Bill Fitsell with the Morse Stick in 2015 - COURTESY OF ED GRENDA
  • Courtesy of Ed Grenda
  • Bill Fitsell with the Morse Stick in 2015
For decades, Germaine and Gary Morse kept the stick in an umbrella stand by the entryway in their Vermont home.

Germaine’s brother, Anthony Bean, had found the weathered, slightly crooked piece of wood inside his grandmother’s Northfield home after buying it in 1980. Knowing his sister’s affinity for family mementos, Bean gave it to her, thinking it was an old field hockey stick or something.

“He thought it might be a conversation piece,” said Germaine, 70.

It's certainly a conversation piece now. That piece of wood is a primitive ice hockey stick that could be 170 years old. It was appraised at $3.5 million and is up for auction online through May 16, with a starting bid of $100,000.

The heirloom was little more than an afterthought, sitting in an old crock the Morses use as an umbrella stand, until about six years ago. That’s when Germaine saw something online about a circa 1850s hockey stick owned by Gordon Sharpe. Known as the “Rutherford Stick,” it looked awfully similar to Germaine’s own — and had been appraised at $4.5 million.

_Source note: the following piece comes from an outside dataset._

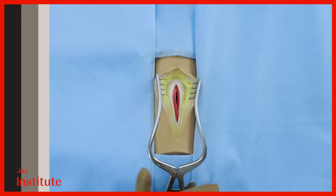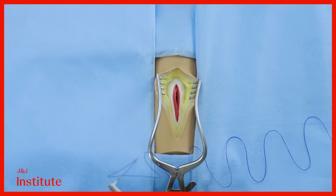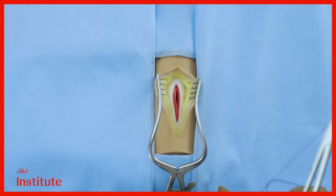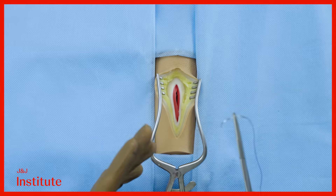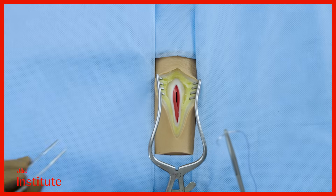For this demonstration, we will be using a size 0 polydioxanone suture that is coated with triclosan, also known as PDS+. We have the suture on a round body needle for the closure of fascia.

“It piqued my interest,” Germaine said with a laugh. “I thought, ‘Well, maybe I better look into this.’”

One of the first things they did was buy a 700-pound gun safe to store the stick in. They told only a few family members about their find and didn’t tell friends or neighbors.

“We didn’t want anybody trying to find it,” Germaine said. “We’re kind of worrywarts!”

  • Courtesy of April Maloney
  • The Morse Stick
Germaine started investigating online, “and one thing would lead to another,” she said. But they often hit dead ends.

She tracked down many of the people who helped verify and research information about the Rutherford Stick. Among those were famed hockey historian Bill Fitsell and Phil Pritchard, the curator at the Hockey Hall of Fame in Toronto and the man best known as the keeper of the Stanley Cup, the NHL’s historic championship prize.

“He liked the stick and said he’d like to have it [at the Hall of Fame] on display, but he wasn’t allowed to purchase it,” Germaine said.

Before getting an appraisal, the Morses made several trips to Canada to confer with experts, and they had wood analysis and carbon dating done on the stick, among other research. That analysis found that the stick dates to somewhere between the 1850s and 1870s, an age that makes it one of the oldest hockey sticks still in existence.

The Morses also learned that the stick was made from a single branch of a hornbeam tree; someone hand-carved the stick’s blade. Members of the Miꞌkmaq First Nation in Nova Scotia used the trees to make hockey sticks, Germaine said she learned during her research. While the first organized indoor ice hockey game was played in Montréal in 1875, the game’s roots date much further back.

Former Buffalo Sabres head coach Ted Nolan holding the Morse Stick in 2017 - COURTESY OF GARY MORSE
  • Courtesy of Gary Morse
  • Former Buffalo Sabres head coach Ted Nolan holding the Morse Stick in 2017
Germaine’s French Canadian grandfather was born in Nova Scotia and later moved to Vermont, so Germaine suggested it’s possible he brought the stick with him, “though we just don’t know,” she said. If he had, it would have likely first belonged to her great-grandfather, then ultimately ended up in her grandmother’s Northfield home.

“It’s been a very interesting journey,” Gary, 71, said of all the research, which included exploring Germaine’s family genealogy.

The Morses were floored when they finally got the appraisal: $3.5 million.

They eventually hooked up with Goldin Auctions, a sports collectibles auction company in New Jersey, and got the stick listed this week. The auction runs through May 16, and bidding generally intensifies toward the end.

“I’m hoping that, seeing as everybody has to stay at home, they’ll have nothing to do but bid!” Gary quipped.

The Morses now feel more free to speak publicly about their valuable antique. It's no longer in the gun safe at their Roxbury home but is in the hands of the auction house, stored in a New Jersey vault until the bidding is over and the winner claims it.
  • Courtesy of Goldin Auctions
  • The Morse Stick
The couple doesn’t have any expectations of what the stick will fetch. They plan to split the proceeds 50-50 with Germaine’s brother, as he’s the one who found it and gifted it to them.

“I don’t get too excited over the money part until it goes down the road,” Germaine said. “I don’t let it go to my head. We’re just hoping to build up a little retirement again.”

Said Gary: “Whatever we get, we get.”